Trenta milioni di tonnellate in un anno in tutta Italia, circa 500 chilogrammi a testa. Tanti sono i rifiuti prodotti nel Bel Paese. Un problema? Forse un’opportunità. Visto che nella gestione dei rifiuti molti Paesi hanno visto una occasione per produrre energia elettrica e acqua calda, con gli impianti di incenerimento di seconda e terza generazione, i cosiddetti termovalorizzatori.
In Europa ce ne sono circa 500 attivi, spesso inseriti in contesti urbani, come nel caso di Vienna, Parigi, Londra, Copenaghen, Montecarlo, Amburgo e Amsterdam. In Italia ce ne sono solo una quarantina, l’ultimo realizzato otto anni fa, a Parma, gestito da una delle maggiori multi-utilities, Iren. Poi la politica – e la burocrazia per conseguenza – si è distinta, come spesso purtroppo accade, in battaglie di retroguardia. Quando era vicepremier Luigi Di Maio si fece ricordare per aver bollato l’ipotesi di allargare il parco dei termovalorizzatori con una dichiarazione che non prevedeva contraddittorio: “Roba vintage”. Peccato che in Europa non sia così. E peccato che Chicco Testa – che di queste cose se ne intende – avesse reclamato la necessità di almeno altri dieci termovalorizzatori in Italia, magari al Centro e al Sud, dove si producono e si esportano rifiuti e dove – al netto di qualche caso d’eccellenza, come quello di Acerra – questi impianti sono una rarità.

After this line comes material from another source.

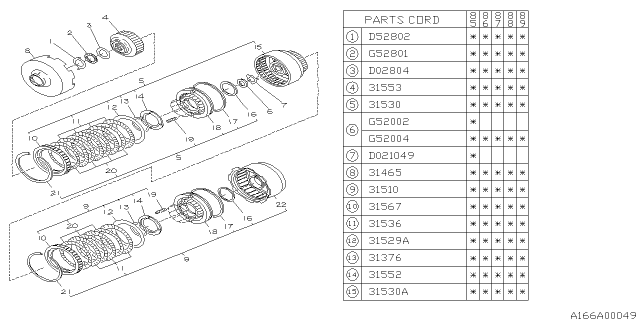 1986 Subaru GL Series Foward Clutch Diagram 1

Riaprire il “caso” rifiuti-energia elettrica non è una questione peregrina, nell’orizzonte della crisi energetica che ci affligge e ci affliggerà. Potrebbe determinarsi un circolo virtuoso capace di offrire ai territori e alle comunità locali un’occasione di smaltimento controllato dei rifiuti, accanto al riciclo, e una opportunità di generazione di energia alternativa, oltre alla possibilità di diffondere il teleriscaldamento.

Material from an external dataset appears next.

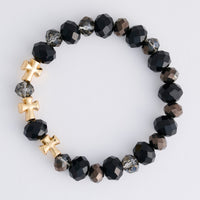 Cross Bracelet Faceted Bead Stretch Estelle Bracelet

Tutte cose ovvie e note da anni, a Brescia per esempio, ma che un ambientalismo poco informato e poco attento all’evoluzione tecnologica ha etichettato come produzione di diossina e polveri sottili. Non è così.
L’inceneritore di Brescia, il termovalorizzatore urbano probabilmente più grande d’Italia – su cui A2A sta investendo 100 milioni di euro per farlo più grande – attivo dal 1998 produce energia elettrica per il fabbisogno di 200 mila famiglie, fornendo 60 mila appartamenti raggiunti attraverso una “rete di teleriscaldamento di oltre 630 chilometri. Recupera ogni anno energia termica ed elettrica da circa 700 mila tonnellate di rifiuti non riciclabili e ha consentito di evitare 13 discariche da 1 milione di tonnellate di rifiuti.
L’esempio di Brescia, di Acerra, di Parma resta confinato tra le “robe vintage” secondo troppi politici. E continuiamo a esportare circa 3 milioni di tonnellate di rifiuti speciali, di cui 1 milione di rifiuti pericolosi, e circa mezzo milione di tonnellate di rifiuti urbani: un fenomeno in crescita, una assurdità ambientale ed economica. Negli ultimi tempi poi i prezzi di conferimento all’estero sono aumentati, peraltro verso realtà industriali che in Italia non si riescono nemmeno a realizzare, ubicate in Paesi ritenuti da molti modello di sostenibilità ecologica, come Germania e Svezia.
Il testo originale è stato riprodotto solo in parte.